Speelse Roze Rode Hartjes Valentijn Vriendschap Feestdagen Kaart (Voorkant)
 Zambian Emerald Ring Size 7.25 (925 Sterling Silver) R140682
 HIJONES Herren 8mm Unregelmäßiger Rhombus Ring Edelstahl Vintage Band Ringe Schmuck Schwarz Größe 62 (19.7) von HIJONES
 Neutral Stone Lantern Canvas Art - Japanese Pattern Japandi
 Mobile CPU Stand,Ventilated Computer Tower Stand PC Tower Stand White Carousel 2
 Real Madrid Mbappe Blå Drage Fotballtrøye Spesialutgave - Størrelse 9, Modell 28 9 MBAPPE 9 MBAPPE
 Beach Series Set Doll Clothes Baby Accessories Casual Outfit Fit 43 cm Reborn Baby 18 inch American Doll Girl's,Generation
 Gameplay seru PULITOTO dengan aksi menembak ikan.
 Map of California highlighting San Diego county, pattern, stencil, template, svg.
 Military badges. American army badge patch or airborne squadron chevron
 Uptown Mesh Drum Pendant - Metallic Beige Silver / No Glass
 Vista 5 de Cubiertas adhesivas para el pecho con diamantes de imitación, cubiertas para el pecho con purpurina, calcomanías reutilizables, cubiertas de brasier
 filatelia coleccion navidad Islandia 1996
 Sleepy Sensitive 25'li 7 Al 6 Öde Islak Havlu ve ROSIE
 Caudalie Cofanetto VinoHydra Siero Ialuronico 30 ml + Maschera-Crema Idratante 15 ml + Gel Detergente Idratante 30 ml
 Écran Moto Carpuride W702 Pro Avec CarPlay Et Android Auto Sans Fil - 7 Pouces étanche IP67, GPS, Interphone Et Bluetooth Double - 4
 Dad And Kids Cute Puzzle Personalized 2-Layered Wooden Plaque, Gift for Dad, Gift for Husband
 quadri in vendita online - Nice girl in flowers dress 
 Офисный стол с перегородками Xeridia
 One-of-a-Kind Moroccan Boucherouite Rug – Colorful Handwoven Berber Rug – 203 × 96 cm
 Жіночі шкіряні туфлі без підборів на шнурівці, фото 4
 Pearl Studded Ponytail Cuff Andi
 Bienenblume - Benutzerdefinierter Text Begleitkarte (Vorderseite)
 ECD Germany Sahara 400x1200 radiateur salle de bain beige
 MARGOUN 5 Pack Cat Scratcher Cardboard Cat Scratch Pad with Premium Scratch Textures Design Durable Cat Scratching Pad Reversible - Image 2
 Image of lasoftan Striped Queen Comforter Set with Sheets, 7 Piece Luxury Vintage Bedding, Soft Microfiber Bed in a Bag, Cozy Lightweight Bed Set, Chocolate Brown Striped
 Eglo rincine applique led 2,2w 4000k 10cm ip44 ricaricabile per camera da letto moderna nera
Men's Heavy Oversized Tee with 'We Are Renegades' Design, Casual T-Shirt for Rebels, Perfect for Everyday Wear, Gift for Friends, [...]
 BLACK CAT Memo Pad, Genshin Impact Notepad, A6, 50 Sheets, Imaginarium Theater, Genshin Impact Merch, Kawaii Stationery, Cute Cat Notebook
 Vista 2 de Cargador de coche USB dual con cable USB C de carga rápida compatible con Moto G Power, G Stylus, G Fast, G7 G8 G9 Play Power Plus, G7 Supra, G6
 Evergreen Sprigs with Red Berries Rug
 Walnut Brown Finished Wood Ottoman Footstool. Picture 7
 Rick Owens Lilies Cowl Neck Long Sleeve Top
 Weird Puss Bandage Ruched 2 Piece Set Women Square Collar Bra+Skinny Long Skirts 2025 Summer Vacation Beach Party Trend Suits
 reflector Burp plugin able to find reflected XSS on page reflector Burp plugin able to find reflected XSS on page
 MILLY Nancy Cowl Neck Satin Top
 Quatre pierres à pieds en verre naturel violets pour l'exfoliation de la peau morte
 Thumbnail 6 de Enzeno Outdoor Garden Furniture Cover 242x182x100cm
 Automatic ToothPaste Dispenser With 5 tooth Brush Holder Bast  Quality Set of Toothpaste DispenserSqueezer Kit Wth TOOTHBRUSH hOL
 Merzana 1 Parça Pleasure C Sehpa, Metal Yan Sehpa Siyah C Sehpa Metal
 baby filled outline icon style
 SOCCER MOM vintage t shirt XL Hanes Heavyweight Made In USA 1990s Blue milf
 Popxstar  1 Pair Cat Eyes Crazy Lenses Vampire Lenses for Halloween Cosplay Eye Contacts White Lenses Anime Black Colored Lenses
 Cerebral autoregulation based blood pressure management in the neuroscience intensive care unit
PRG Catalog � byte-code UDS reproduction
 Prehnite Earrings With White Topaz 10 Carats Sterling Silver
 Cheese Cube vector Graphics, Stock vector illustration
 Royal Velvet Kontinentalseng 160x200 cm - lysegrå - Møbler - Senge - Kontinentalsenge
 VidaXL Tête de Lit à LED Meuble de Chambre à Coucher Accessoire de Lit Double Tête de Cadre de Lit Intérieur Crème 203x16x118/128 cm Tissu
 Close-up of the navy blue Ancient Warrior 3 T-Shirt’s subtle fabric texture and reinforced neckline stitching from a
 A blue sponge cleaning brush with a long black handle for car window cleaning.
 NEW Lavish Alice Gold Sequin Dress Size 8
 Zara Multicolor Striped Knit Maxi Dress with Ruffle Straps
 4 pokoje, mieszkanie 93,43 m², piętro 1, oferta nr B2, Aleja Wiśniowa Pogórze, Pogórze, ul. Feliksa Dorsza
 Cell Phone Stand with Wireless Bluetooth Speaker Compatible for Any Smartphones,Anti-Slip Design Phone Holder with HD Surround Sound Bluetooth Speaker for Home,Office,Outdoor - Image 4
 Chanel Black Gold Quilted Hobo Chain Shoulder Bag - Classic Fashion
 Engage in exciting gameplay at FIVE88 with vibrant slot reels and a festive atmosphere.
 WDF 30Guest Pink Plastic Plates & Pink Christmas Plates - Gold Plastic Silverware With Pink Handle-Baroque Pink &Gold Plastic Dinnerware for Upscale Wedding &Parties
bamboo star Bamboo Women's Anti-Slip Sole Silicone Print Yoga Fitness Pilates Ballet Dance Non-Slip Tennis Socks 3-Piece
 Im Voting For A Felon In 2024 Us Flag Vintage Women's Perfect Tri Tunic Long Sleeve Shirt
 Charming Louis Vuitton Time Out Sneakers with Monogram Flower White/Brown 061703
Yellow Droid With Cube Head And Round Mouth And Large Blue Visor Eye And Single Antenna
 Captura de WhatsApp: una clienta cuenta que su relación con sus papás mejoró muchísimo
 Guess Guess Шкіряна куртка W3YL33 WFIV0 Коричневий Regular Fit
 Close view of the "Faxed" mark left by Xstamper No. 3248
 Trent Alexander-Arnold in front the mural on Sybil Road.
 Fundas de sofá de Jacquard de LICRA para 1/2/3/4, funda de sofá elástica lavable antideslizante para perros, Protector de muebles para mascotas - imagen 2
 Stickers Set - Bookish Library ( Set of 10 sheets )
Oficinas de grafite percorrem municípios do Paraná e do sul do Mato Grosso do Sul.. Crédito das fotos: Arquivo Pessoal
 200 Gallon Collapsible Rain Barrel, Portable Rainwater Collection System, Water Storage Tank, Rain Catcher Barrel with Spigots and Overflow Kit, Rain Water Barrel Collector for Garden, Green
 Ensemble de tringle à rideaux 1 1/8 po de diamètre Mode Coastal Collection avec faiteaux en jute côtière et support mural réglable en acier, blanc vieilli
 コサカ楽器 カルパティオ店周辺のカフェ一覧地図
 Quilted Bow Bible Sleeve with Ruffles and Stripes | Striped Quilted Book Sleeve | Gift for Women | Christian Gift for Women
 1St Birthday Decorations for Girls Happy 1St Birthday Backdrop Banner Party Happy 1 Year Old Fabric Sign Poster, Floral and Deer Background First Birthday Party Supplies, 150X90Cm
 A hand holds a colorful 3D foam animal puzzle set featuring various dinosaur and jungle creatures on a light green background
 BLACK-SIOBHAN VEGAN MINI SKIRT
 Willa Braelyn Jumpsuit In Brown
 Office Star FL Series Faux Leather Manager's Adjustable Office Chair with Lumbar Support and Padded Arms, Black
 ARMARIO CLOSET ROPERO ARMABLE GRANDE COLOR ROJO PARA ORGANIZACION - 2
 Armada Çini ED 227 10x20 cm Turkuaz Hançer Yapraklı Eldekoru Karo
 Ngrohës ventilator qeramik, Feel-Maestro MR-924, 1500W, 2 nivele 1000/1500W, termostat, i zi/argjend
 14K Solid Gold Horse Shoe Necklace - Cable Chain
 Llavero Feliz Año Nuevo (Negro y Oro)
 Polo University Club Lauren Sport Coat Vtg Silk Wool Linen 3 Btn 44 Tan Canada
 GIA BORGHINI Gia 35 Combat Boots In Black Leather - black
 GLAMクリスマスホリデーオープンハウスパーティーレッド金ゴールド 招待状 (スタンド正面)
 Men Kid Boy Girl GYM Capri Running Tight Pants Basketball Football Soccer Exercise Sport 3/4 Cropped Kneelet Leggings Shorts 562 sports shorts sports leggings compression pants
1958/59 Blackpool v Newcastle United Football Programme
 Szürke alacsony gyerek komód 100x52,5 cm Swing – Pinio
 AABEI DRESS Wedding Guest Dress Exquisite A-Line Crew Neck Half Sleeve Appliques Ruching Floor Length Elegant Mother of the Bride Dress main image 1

Brief = Retype exactly the lines of the data above that fall between the line with "Vista 5 de Cubiertas" and the line with "MARGOUN 5 Pack", inclusive, and add nothing.

Response area =
 Vista 5 de Cubiertas adhesivas para el pecho con diamantes de imitación, cubiertas para el pecho con purpurina, calcomanías reutilizables, cubiertas de brasier
 filatelia coleccion navidad Islandia 1996
 Sleepy Sensitive 25'li 7 Al 6 Öde Islak Havlu ve ROSIE
 Caudalie Cofanetto VinoHydra Siero Ialuronico 30 ml + Maschera-Crema Idratante 15 ml + Gel Detergente Idratante 30 ml
 Écran Moto Carpuride W702 Pro Avec CarPlay Et Android Auto Sans Fil - 7 Pouces étanche IP67, GPS, Interphone Et Bluetooth Double - 4
 Dad And Kids Cute Puzzle Personalized 2-Layered Wooden Plaque, Gift for Dad, Gift for Husband
 quadri in vendita online - Nice girl in flowers dress 
 Офисный стол с перегородками Xeridia
 One-of-a-Kind Moroccan Boucherouite Rug – Colorful Handwoven Berber Rug – 203 × 96 cm
 Жіночі шкіряні туфлі без підборів на шнурівці, фото 4
 Pearl Studded Ponytail Cuff Andi
 Bienenblume - Benutzerdefinierter Text Begleitkarte (Vorderseite)
 ECD Germany Sahara 400x1200 radiateur salle de bain beige
 MARGOUN 5 Pack Cat Scratcher Cardboard Cat Scratch Pad with Premium Scratch Textures Design Durable Cat Scratching Pad Reversible - Image 2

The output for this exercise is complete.